# Florida Yacht Charters?



## gjhinc (Dec 26, 2002)

This message is kinda a continuation of my previous message "Am I Crazy?"
Answer to that question was YES.

So, I''m putting the boat (2000 Beneteau 411) into charter with a REAL charter agent. Number one on my list is Florida Yacht Charters. Specifically in their Abaco, Bahamas facility. There are a couple of other Miami/Bahamas charter agents I''m considering... But, FYC has a little edge. VERY little.

Long and the short of it. I''m putting the boat into charter in Miami or the Bahamas. Any thoughts about FYC or any other charter agents you all feel are decent?

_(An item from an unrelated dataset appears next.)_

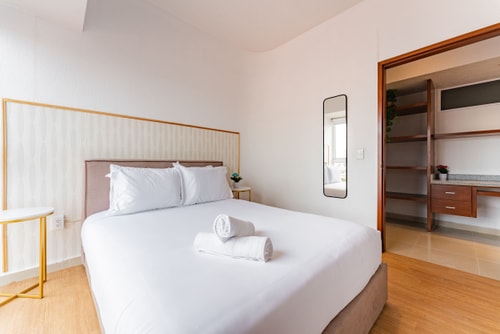 VH | 2 BR + wifi & gym | Anáhuac | 208 31 Virtual Homes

Thanks in advance for any advice.
gary...


----------



## coughlin (Jun 11, 2002)

HI,

FYC is a reputable company and does very well. Other very large comapnies have based themselves in Miami and pulled out. of I fell they are a good choice due to stability and consistancy. Good luck


----------



## coughlin (Jun 11, 2002)

HI,

FYC is a reputable company and does very well. Other very large comapnies have based themselves in Miami and pulled out. I feel they are a good choice due to stability and consistancy. Good luck


----------



## bigdaddio (Sep 16, 2002)

Why did the large operators pull out?


----------



## bigdaddio (Sep 16, 2002)

gjhinc,
by the way, we put our Beneteau 393 in Charter on the West Coast and it has work out very well so far.
bigdaddio


----------



## coughlin (Jun 11, 2002)

I believe mostly the cruising area is a bit difficult as far as getting into areas of the Keys with the draft of the larger boats. Also getting to Key West or the Keys from Miami is not a one or two day trip for charter guests. Your average charter guest only wants to sail 3-4 hours max a day before wanting to go ashore or anchor. It is limited that way and all depends on how the company markets the cruising area. I enjoyed sailing the Miami area but my expectations were not high and I did not expect to get to Key West and back in 7 days which most people expected. I think that FYC does well because they have a base in Key West and you can do one ways. They have set them self up properly and realistcally.


----------



## coughlin (Jun 11, 2002)

I am glad to hear you are doing well on the West coast it is a great area to sail and neat little places to venture off to.


----------



## bigdaddio (Sep 16, 2002)

Thanks for the response, makes a lot of sense (kind of, duh, look at the map). I used to live in the Midwest and would travel down to Miami and the Keys often, but usually did small boat sailing. I was interested in the response because we have considered moving to South Florida and just started thinking about what what options would be avaible for our Beneteau. The west coast is interesting (San Francisco Bay area), but nothing like the warm, Carribean waters. We still fly that way and charter (BVI,etc.) (Maybe we should hook up with gjhinc for an exchange!)


----------